Taxable period. Taxable period
means the period beginning with the
date on which the excess benefit
transaction occurs and ending on the
earlier of:
1. The date a notice of deficiency
was mailed to the disqualified person
for the initial tax on the excess benefit
transaction, or
2. The date on which the initial tax
on the excess benefit transaction for
the disqualified person is assessed.
Excess benefit transaction. An
excess benefit transaction is any
transaction in which:
1. An excess benefit is provided by
the organization, directly or indirectly to,
or for the use of, any disqualified
person, or
2. The amount of any economic
benefit provided to, or for the use of, a
disqualified person is determined in
whole or in part by the revenues of the
organization and violates the private
inurement prohibition rules (to the
extent provided in regulations).
Until final regulations are issued
regarding the special rules for
CAUTION revenue sharing transactions
described in 2 above, these
transactions will only be subject to
section 4958 liability under the general
rule described in 1 above.
Supporting organization
transactions occurring after July 25,
2006. For any supporting organization,
as defined in section 509(a)(3), any
grant, loan, compensation, or other
similar payment provided to a
substantial contributor (defined later),
family member, or 35% controlled entity
will be considered an excess benefit
transaction. The amount of the excess
benefit is the amount of such grant,
loan, compensation, or other similar
payment.
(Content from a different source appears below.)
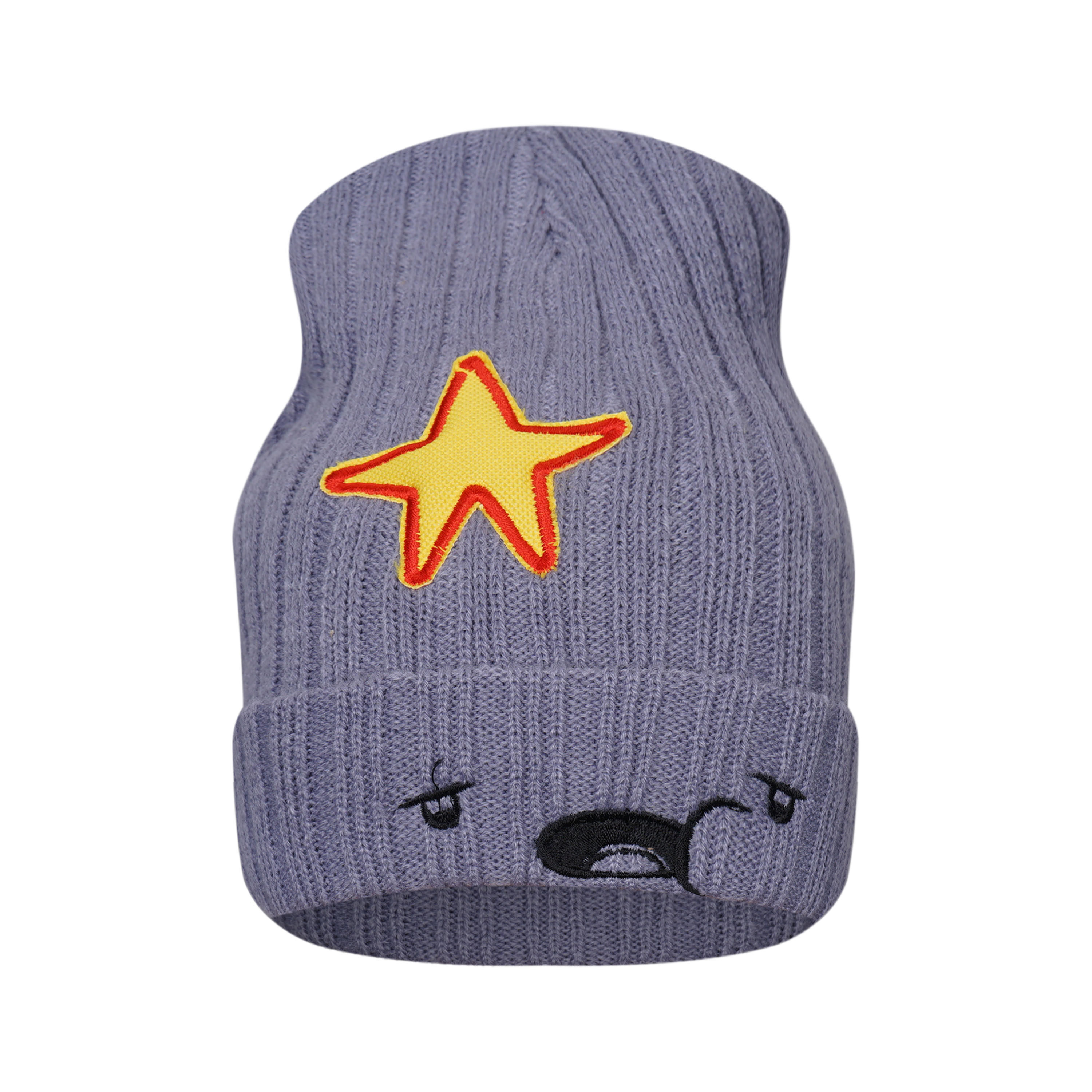 Custom Winter Cartoon Image Double-Deck Cable Knit Stars Appliques Chunky Knit Accessories Unisex Cap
Also, any loan provided to a
disqualified person that is not an
organization described in section
509(a)(1), (2), or (4) or a supported
organization of the supporting
organization exempt under section
501(c)(4), (5), (6) and described in the
last sentence of section 509(a) is
considered an excess benefit
transaction.
Donor advised fund transactions
occurring after August 17, 2006.
Any grant, loan, compensation, or other
similar payment from any donor
advised fund to a donor, donor advisor,
family member, or 35% controlled entity
is an excess benefit transaction. The
amount of the excess benefit is the
amount of such grant, loan,
compensation, or other similar
payment.
Excess benefit. Excess benefit
means the excess of the economic
!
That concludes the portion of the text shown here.